Enlarge / The Apple Lisa 1, released in 1983.

Apple, Inc.

As part of the Apple Lisa’s 40th birthday celebrations, the Computer History Museum has released the source code for Lisa OS version 3.1 under an Apple Academic License Agreement. With Apple’s blessing, the Pascal source code is available for download from the CHM website after filling out a form.

Lisa Office System 3.1 dates back to April 1984, during the early Mac era, and it was the equivalent of operating systems like macOS and Windows today.
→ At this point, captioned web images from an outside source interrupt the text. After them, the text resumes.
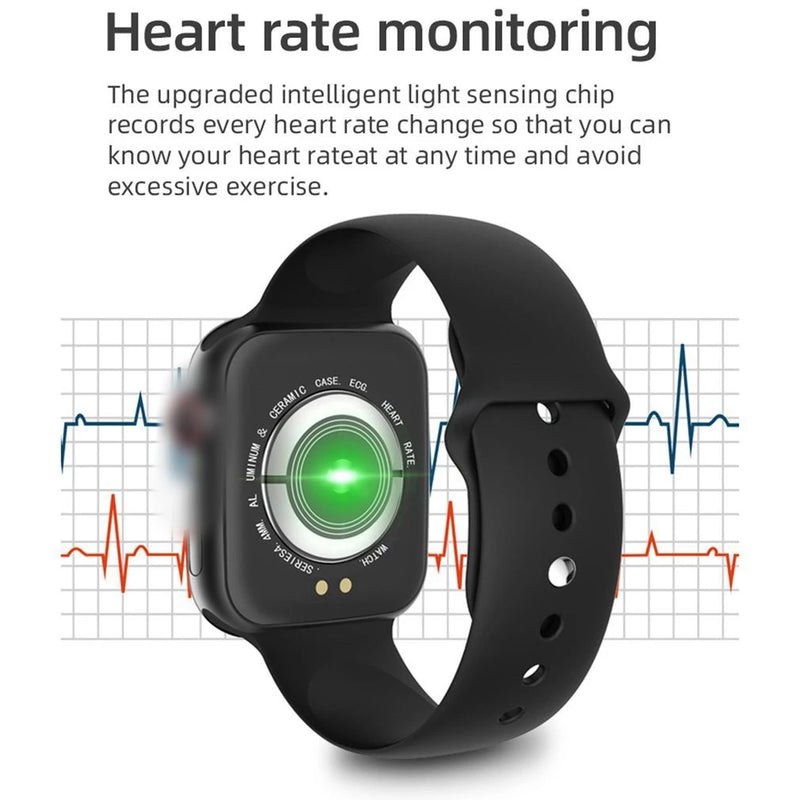 IWO 13 Max X8 Smartwatch Inteligente com Bluetooth para iPhone e Android
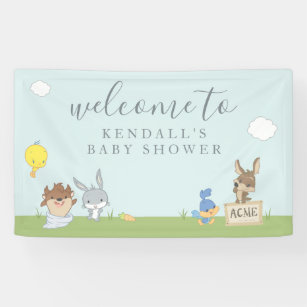 LOONEY TUNES™ Baby Shower Welcome Banner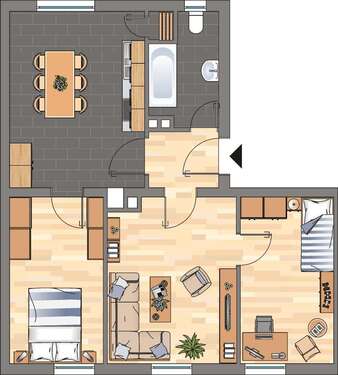 Foto - Wohnung zum Mieten in Neustadt an der Weinstraße 669,00 € 62.31 m²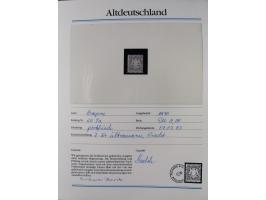 1981/1920, postfrische Sammlung aus Abobezug, dabei einige bessere Ausgaben Bayern, Bergedorf und Thurn und Taxis, gute Erhal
The entire source package is about 26MB and consists of over 1,300 commented source files, divided nicely into subfolders that denote code for the main Lisa OS, various included apps, and the Lisa Toolkit development system.

 

First released on January 19, 1983, the Apple Lisa remains an influential and important machine in Apple’s history, pioneering the mouse-based graphical user interface (GUI) that made its way to the Macintosh a year later. Despite its innovations, the Lisa’s high price ($9,995 retail, or about $30,300 today) and lack of application support held it back as a platform. A year after its release, the similarly capable Macintosh undercut it dramatically in price. Apple launched a major revision of the Lisa hardware in 1984, then discontinued the platform in 1985.

A screenshot of the Apple Lisa Office System.

A screenshot of the Apple Lisa Office System.

The Lisa was not the first commercial computer to ship with a GUI, as some have claimed in the past—that honor goes to the Xerox Star—but Lisa OS defined important conventions that we still use in windowing OSes today, such as drag-and-drop icons, movable windows, the waste basket, the menu bar, pull-down menus, copy and paste shortcuts, control panels, dynamically movable overlapping windows, and even one-touch automatic system shutdown.

With the LisaOS source release, researchers and educators will now be able to study how Apple developers implemented those historically important features four decades ago. Apple’s Academic license permits using and compiling the source code for “non-commercial, academic research, educational teaching, and personal study purposes only.”

The Computer History Museum had previously teased the release of the code in 2018, but after spending some time in review, they decided to hold back its release until the computer’s 40th birthday—the perfect gift to honor this important machine’s legacy.